Akhirnya Perppu No 2 Tahun 2017 tentang Ormas disahkan menjadi undang-undang, meskipun di kalangan akar rumput masih menyimpan pergolakan antara setuju dan tidak setuju. Hal ini biasa dalam negara penganut demokrasi. Tidak semua kepentingan harus diakomodasi. Sangat pelik bahkan mungkin mustahil semua kebijakan akan diterima 100% oleh masyarakat apalagi Indonesia memiliki jumlah penduduk sekitar 250 juta jiwa yang begitu bervariasi. Jadi tidak perlu risau akan adanya pro dan kontra semacam ini.
Tulisan ini tidak akan membahas sisi keadilan dan substansi dari UU ormas, melainkan akan melihat bagaimana keterkaitan UU ormas dengan konstalasi partai-partai politik yang tengah berkuasa di gedung parlement menjelang pemilihan umum (pemilu)2019. Tidak bisa dilihat secara normatif bahwa UU ormas hanya upaya mencitapkan stabilitas dan mengantisipasi gangguan dari gerakan kelompok yang dianggap bertentangan dengan pancasila. Lebih dari itu, UU ormas dapat dilihat sebagai pampangan segmentasi suara pemilihan umum dua tahun kedepan.

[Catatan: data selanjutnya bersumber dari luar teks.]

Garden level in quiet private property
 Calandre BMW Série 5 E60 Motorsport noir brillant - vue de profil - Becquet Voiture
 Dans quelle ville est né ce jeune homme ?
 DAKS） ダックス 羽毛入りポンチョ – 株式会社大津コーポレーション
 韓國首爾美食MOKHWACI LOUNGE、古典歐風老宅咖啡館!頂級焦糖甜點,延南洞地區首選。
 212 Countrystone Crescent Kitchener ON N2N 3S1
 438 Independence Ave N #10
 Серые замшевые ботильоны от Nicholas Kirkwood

Â
Sebagaimana diketahui hasil rapat pembahasan UU ini, terdapat partai yang setuju dikonversinya perppu menjadi UU yakni PDIP, Partai Golkar, Partai Hanura dan Partai Nasional Demokrat. Tiga parpol menyetujui dengan syarat direvisi adalah PPP, PKB, dan Demokrat. Dan terakhir tiga partai yang menyatakan menolak yakin Gerindra, PKS dan PAN.
Membentuk segmen suara
Tentunya sikap partai-partai politik ini tidak bisa dilepas dari kepentingan politik yang mengikutinya. Mereka ingin membentuk segmen suara untuk pemilu kedepan terutama untuk pemilu 2019. Keputusan politik mereka terhadap UU ormas berimplikasi pada sikap masyarakat di akar rumput. Apalagi UU ini cukup sensitif karena telah terkonstruksi sebagai upaya meredam gerakan islam yang cukup menonjol di tahun-tahun terakhir.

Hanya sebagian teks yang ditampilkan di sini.